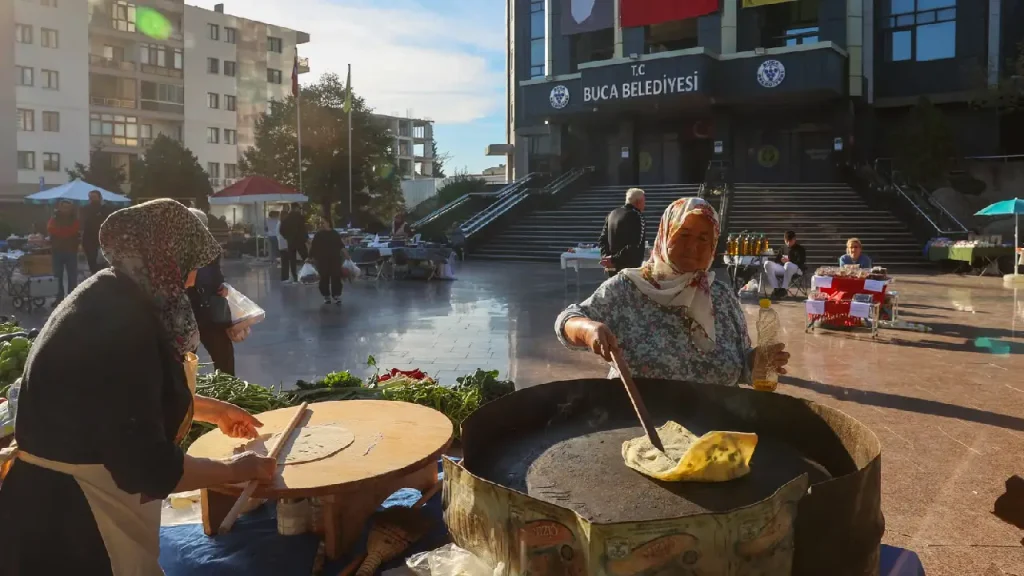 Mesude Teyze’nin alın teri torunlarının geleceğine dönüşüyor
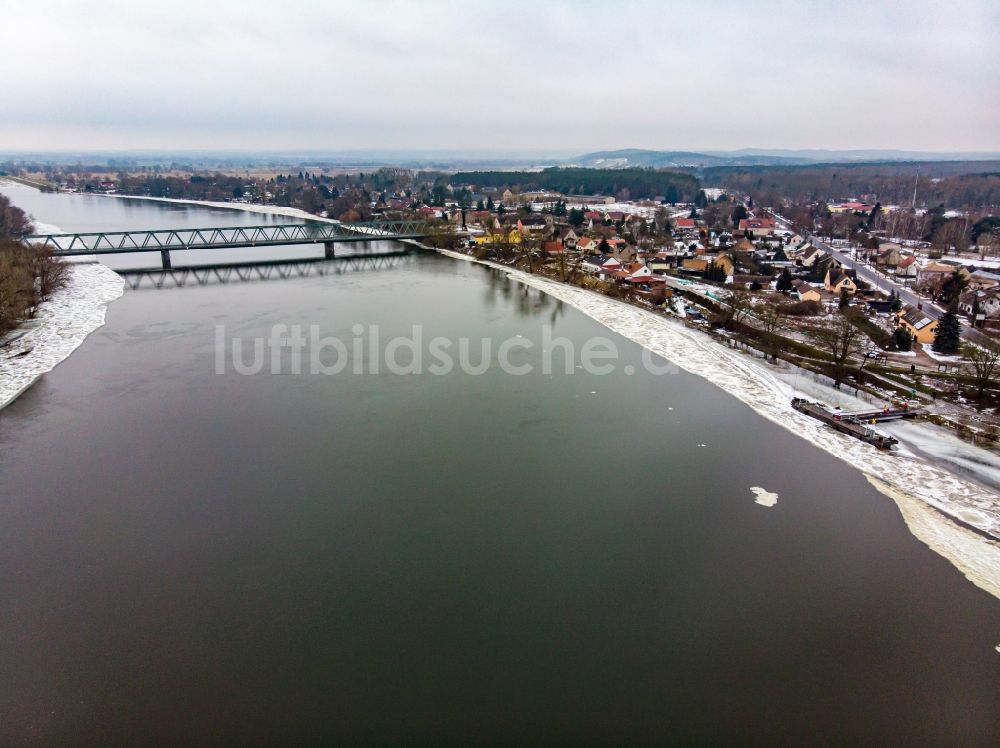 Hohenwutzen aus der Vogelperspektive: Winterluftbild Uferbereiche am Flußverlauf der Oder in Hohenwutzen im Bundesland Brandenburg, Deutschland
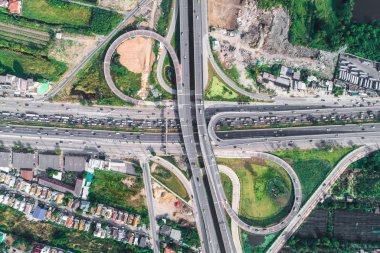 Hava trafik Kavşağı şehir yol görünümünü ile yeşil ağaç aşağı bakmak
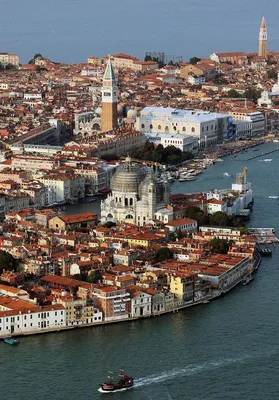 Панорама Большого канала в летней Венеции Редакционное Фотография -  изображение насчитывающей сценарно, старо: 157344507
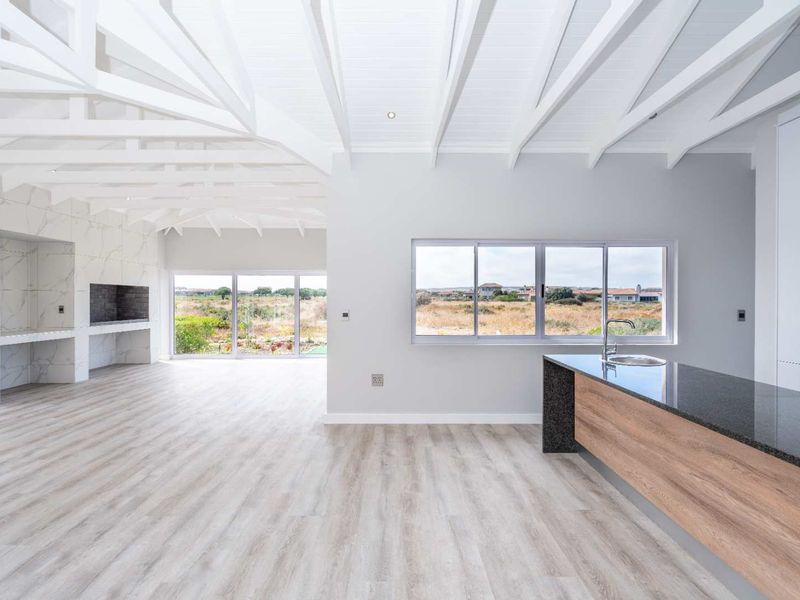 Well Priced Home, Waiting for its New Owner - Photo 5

...

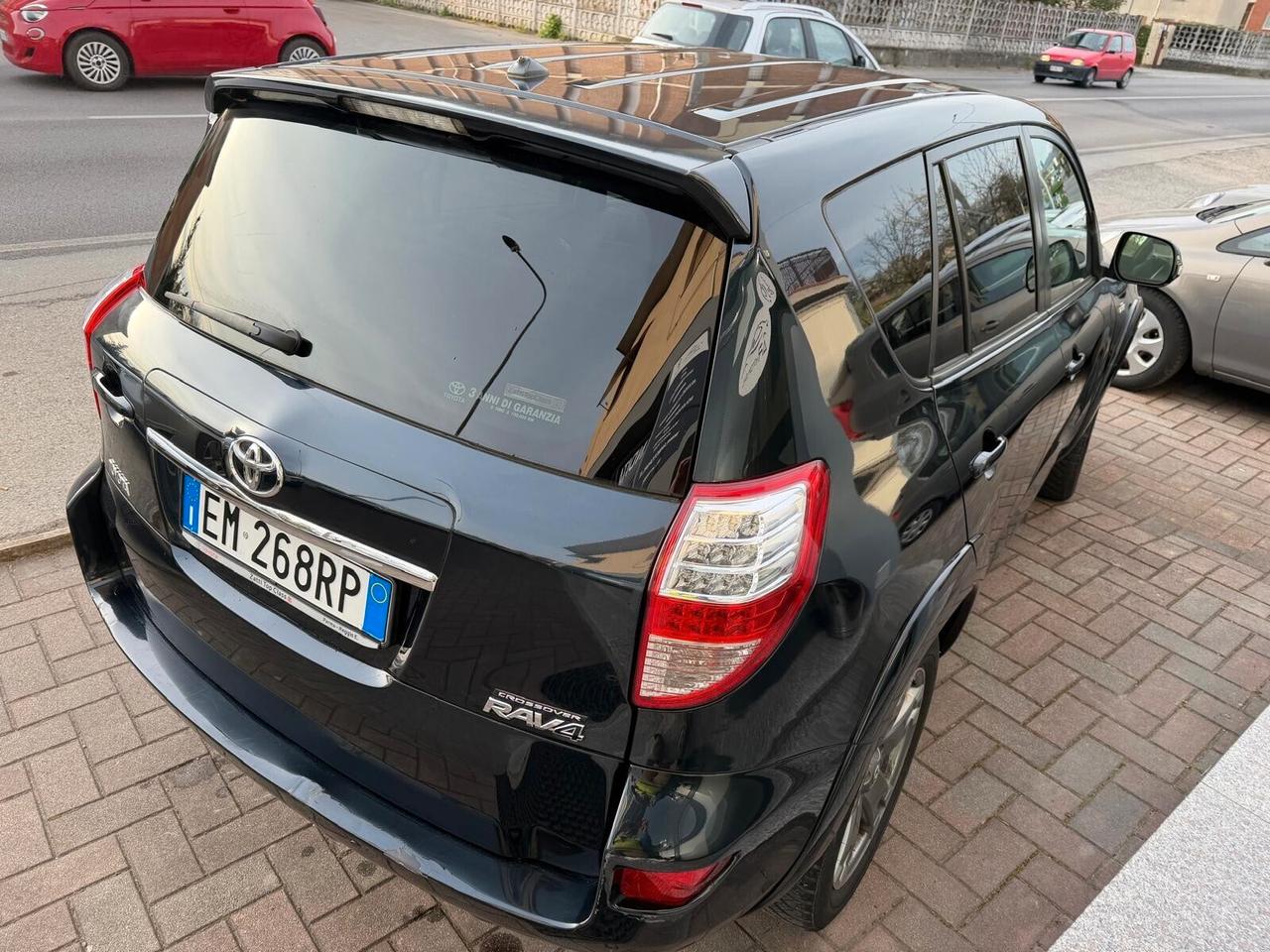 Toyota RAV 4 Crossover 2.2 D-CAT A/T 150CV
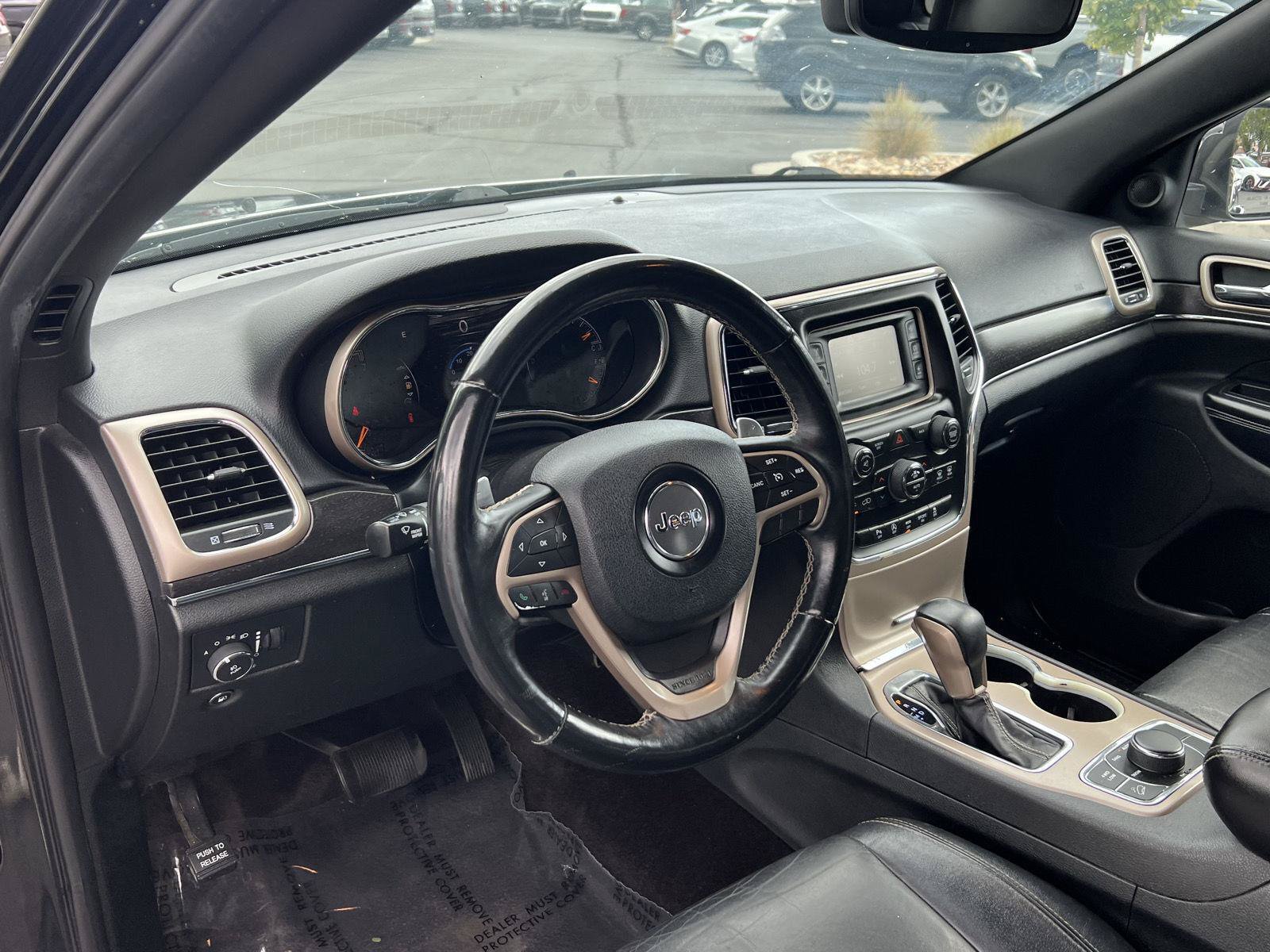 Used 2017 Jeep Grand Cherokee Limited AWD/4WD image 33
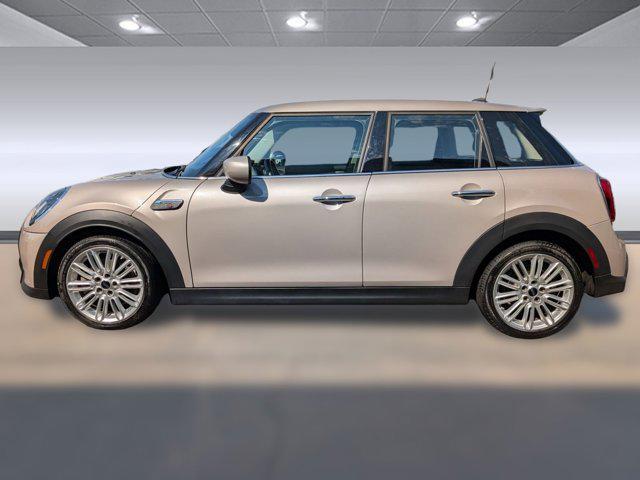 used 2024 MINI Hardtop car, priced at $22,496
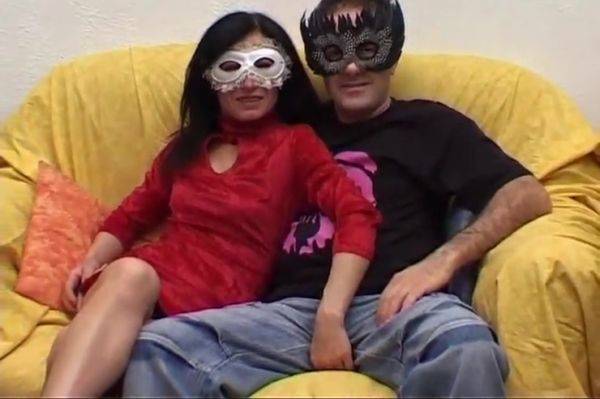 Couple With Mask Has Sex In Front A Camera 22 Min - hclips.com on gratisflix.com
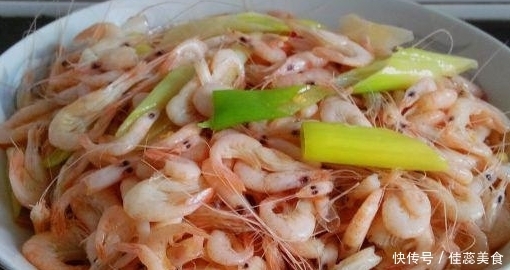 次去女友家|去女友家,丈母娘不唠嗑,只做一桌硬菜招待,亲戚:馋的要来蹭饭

§ **EXERCISE GOAL**
In the listing above, find the line with "Hava trafik Kavşağı" and the line with "Well Priced Home, Waiting". Transcribe those two and everything between, exactly, leaving out pictures.

§ **PROBLEM SOLUTION**
 Hava trafik Kavşağı şehir yol görünümünü ile yeşil ağaç aşağı bakmak
 Панорама Большого канала в летней Венеции Редакционное Фотография -  изображение насчитывающей сценарно, старо: 157344507
 Well Priced Home, Waiting for its New Owner - Photo 5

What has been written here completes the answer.